Every line below between the one holding "Ile kosztuje jedno skrzydło okna?" and the one holding "Łabędź na jeziorze", inclusive, should be copied exactly, and no other line.

- Opening Delimiter -

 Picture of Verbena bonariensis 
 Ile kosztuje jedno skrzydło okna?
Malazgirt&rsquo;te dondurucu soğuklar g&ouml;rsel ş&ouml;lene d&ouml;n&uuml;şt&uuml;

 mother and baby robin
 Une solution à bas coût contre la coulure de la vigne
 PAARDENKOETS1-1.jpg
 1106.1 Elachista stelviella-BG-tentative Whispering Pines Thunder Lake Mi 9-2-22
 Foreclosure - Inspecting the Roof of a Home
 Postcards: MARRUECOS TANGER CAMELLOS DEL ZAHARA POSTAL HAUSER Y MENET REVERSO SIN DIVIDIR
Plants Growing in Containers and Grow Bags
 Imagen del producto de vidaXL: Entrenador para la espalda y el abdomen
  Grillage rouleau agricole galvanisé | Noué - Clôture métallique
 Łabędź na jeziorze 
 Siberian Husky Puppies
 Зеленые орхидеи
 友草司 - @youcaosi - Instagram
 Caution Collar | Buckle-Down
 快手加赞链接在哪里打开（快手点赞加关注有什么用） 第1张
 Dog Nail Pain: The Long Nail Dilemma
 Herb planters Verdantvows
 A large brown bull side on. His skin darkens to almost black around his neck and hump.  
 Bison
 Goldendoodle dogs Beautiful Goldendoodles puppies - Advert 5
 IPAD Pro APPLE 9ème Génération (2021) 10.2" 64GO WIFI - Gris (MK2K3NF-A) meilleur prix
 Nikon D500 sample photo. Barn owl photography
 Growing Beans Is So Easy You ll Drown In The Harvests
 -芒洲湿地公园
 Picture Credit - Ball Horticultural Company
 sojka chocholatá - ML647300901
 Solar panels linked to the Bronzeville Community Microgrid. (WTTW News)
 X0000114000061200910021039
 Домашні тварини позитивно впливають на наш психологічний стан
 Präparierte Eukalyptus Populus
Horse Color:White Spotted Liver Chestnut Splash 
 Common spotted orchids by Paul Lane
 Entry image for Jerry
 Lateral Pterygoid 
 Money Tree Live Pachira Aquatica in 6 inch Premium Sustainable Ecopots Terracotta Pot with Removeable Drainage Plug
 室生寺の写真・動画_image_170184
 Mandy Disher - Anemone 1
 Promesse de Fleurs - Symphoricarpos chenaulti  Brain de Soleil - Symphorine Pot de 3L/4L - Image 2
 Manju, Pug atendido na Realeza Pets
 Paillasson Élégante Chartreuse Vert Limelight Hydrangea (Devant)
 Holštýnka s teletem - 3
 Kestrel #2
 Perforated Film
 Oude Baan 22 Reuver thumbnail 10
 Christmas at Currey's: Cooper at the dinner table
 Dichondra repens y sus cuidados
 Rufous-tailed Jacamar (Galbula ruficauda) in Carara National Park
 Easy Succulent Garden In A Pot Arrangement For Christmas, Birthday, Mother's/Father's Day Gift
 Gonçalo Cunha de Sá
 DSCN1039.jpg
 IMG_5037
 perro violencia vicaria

- Closing Delimiter -

Task response:
 Ile kosztuje jedno skrzydło okna?
Malazgirt&rsquo;te dondurucu soğuklar g&ouml;rsel ş&ouml;lene d&ouml;n&uuml;şt&uuml;

 mother and baby robin
 Une solution à bas coût contre la coulure de la vigne
 PAARDENKOETS1-1.jpg
 1106.1 Elachista stelviella-BG-tentative Whispering Pines Thunder Lake Mi 9-2-22
 Foreclosure - Inspecting the Roof of a Home
 Postcards: MARRUECOS TANGER CAMELLOS DEL ZAHARA POSTAL HAUSER Y MENET REVERSO SIN DIVIDIR
Plants Growing in Containers and Grow Bags
 Imagen del producto de vidaXL: Entrenador para la espalda y el abdomen
  Grillage rouleau agricole galvanisé | Noué - Clôture métallique
 Łabędź na jeziorze 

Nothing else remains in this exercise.